Aperture will be headquartered in New York, with Kraus acting as chief executive and chairman.
Joining him will be JP Morgan’s former global head of fixed income, David Saab, who took the opportunity to criticise the industry’s focus on asset gathering.
Saab will be stepping in to oversee the firm’s international business as managing director in November. He was the global head of fixed income and absolute return funds at JPM Private Bank and before that was a portfolio manager at Banque Privee Edmond de Rothschild.
He will be based in London.
Putting clients above asset gathering
Speaking to our sister publication Portfolio Adviser, Saab said he was attracted to Aperture because of the emphasis placed on aligning client interest with the goals of the firm.
“I realised that the asset management industry today is more interested in asset gathering than in trying to find what is suitable for the client and make an alignment between their interests and what the firm is doing.”
Saab said Aperture’s fee structure is a unique proposition particularly in the US market.
Strategies will charge “ETF-like fees”, which can which can only go higher when managers beat their benchmarks.
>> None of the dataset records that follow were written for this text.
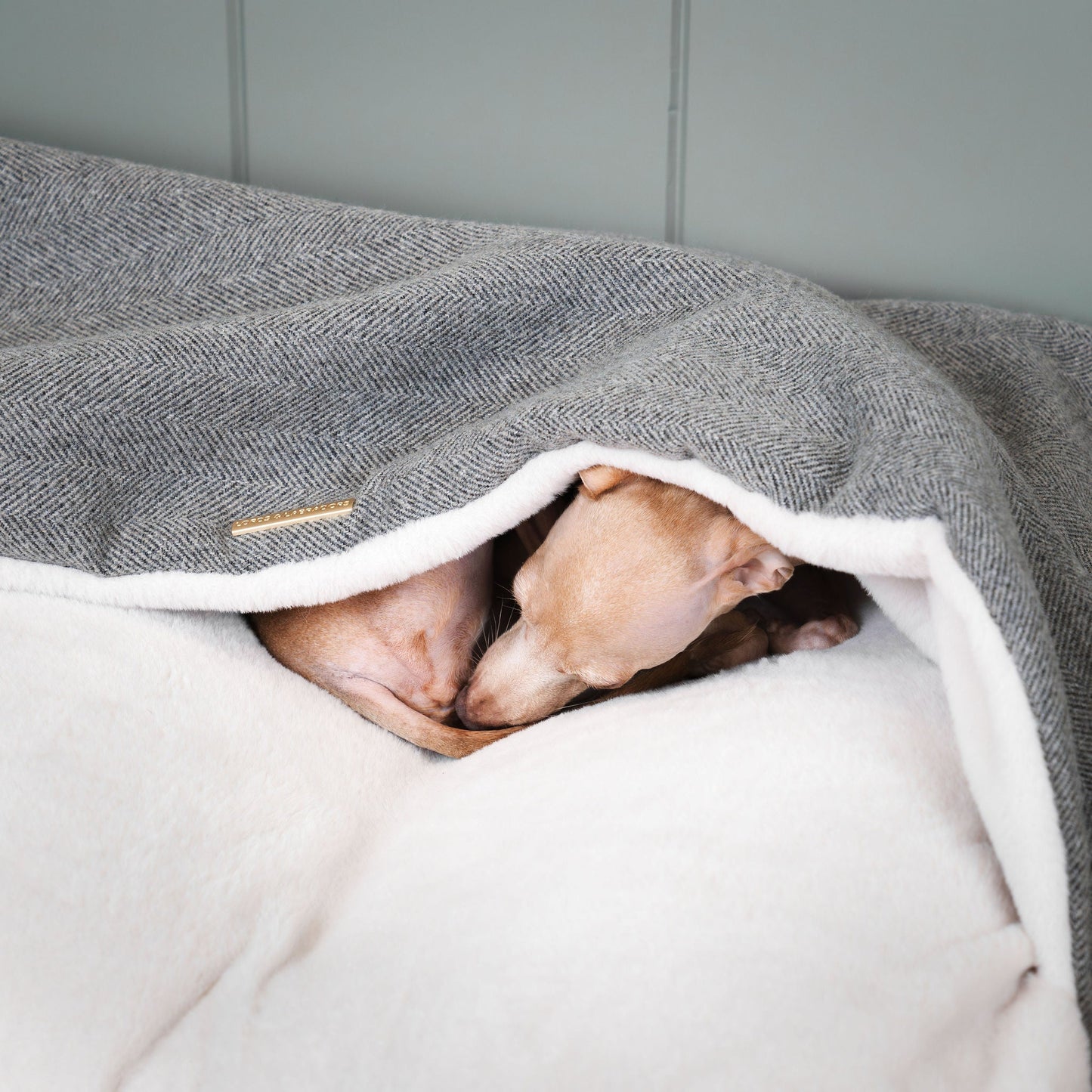 PETLOOM Sleepy Burrows Herringbone Dog Bed™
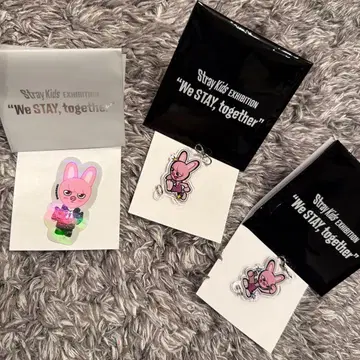 Stray Kids EXHIBITION 창빈 세트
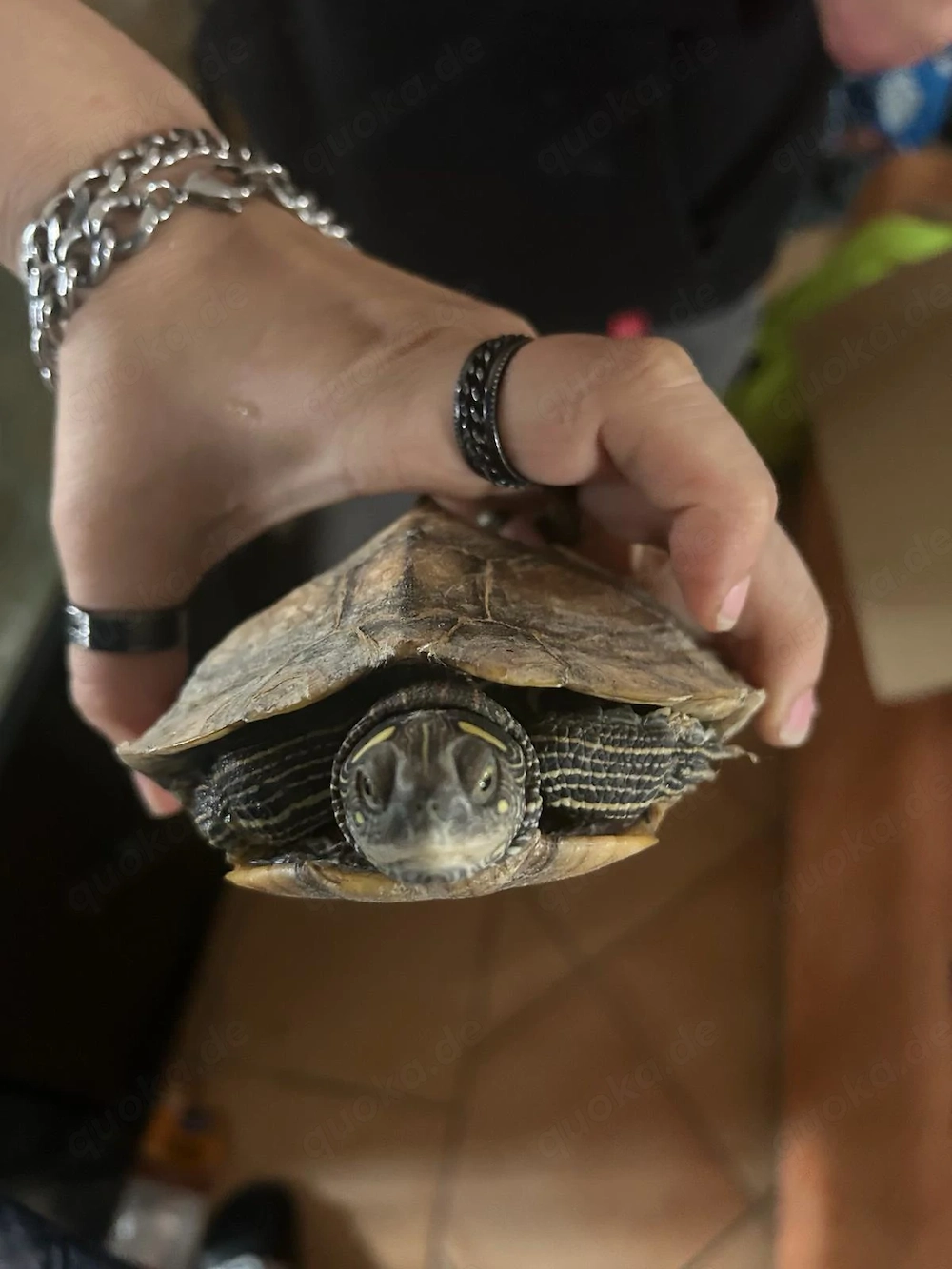 Verkaufe Wasserschildkröten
As outperformance is generated each strategy is charged a performance-linked fee of 30% on returns generated.
In another departure from a fixed-fee structure, managers will be paid a “modest base compensation” and can only earn more when they generate outperformance. Active managers’ compensation is typically proportional to the volume of assets they managed.
Managers and their investment teams are entitled to 35% of the firm’s performance-linked fees paid on realised outperformance or 10.5% of total outperformance.
Funds will also have a clawback mechanism to ensure that the firm’s profitability is dependent on whether clients receive returns in excess of the benchmark over the long-run. In other words, if a manager generates alpha in the first year and negative alpha over the next two to three years, the money they were supposed to receive as part of the first year performance will go back into the fund.
Asset growth over outperformance
Kraus said the asset management industry is “long overdue for disruption” arguing that fixed fees have led to years of poor performance and eroded client trust in active management.
“There are currently too many active managers managing too much money. Fixed fees and a lack of real capacity constraints have long incentivised managers to grow assets under management rather than pursue outperformance.”
Kraus was responsible for pushing performance-linked funds at Alliance Bernstein.
He was ousted after nearly a decade at the firm in April 2017 by parent company French insurer Axa who reportedly disagreed with his management style and succession plans.
Before that he had built a name for himself during his 22-year career at Goldman Sachs where he eventually became global co-head of the group’s investment management arm.